**EXERCISE REQUIREMENTS**
Only the lines below starting at the one containing "André-Pierre Gignac confirmó" and ending at the one containing "[원서] 골든보이 만화책 1~10권--3" belong in the answer, each copied exactly.

**RECORDS PROVIDED**

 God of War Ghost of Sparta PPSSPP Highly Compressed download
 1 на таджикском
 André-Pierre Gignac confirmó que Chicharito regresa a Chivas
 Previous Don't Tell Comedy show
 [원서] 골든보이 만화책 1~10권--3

* * *

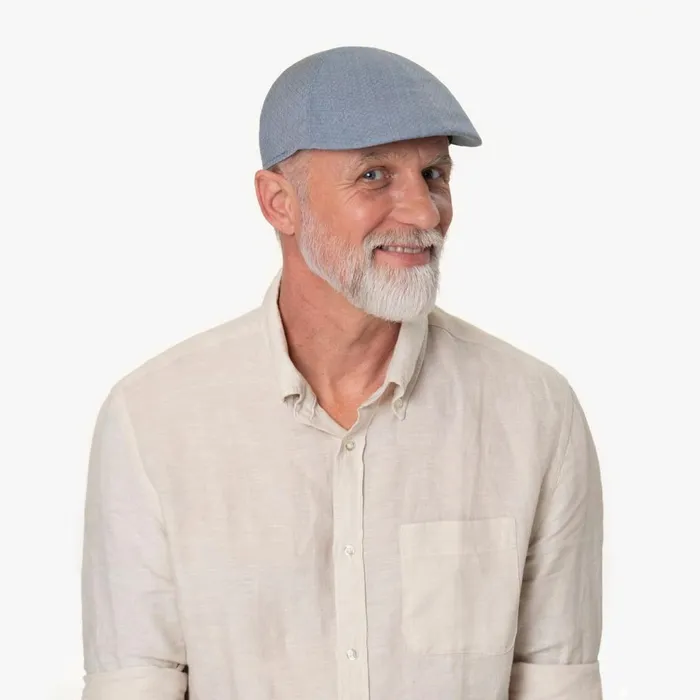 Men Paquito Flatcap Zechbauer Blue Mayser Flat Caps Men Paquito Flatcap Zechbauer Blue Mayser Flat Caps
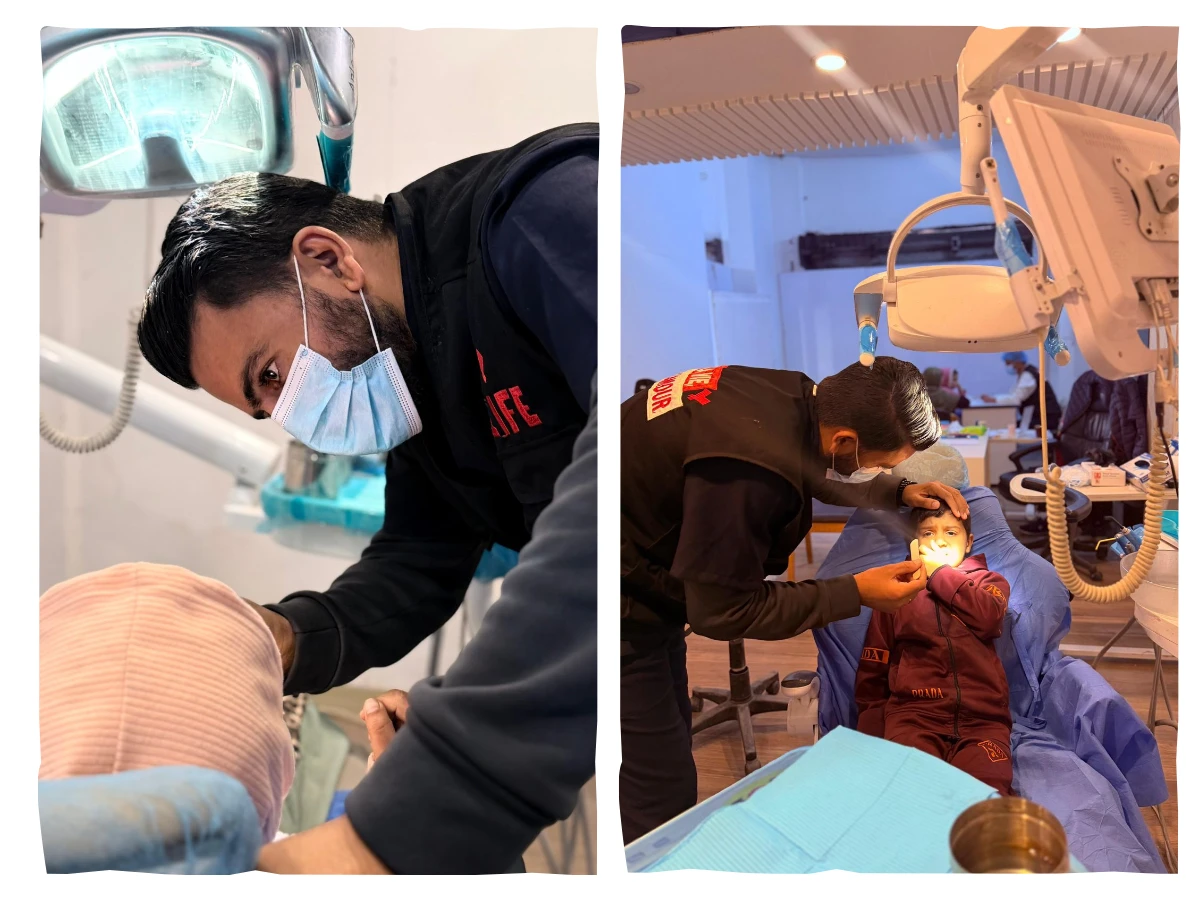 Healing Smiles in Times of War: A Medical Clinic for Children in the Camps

**ANSWER SPACE**
 André-Pierre Gignac confirmó que Chicharito regresa a Chivas
 Previous Don't Tell Comedy show
 [원서] 골든보이 만화책 1~10권--3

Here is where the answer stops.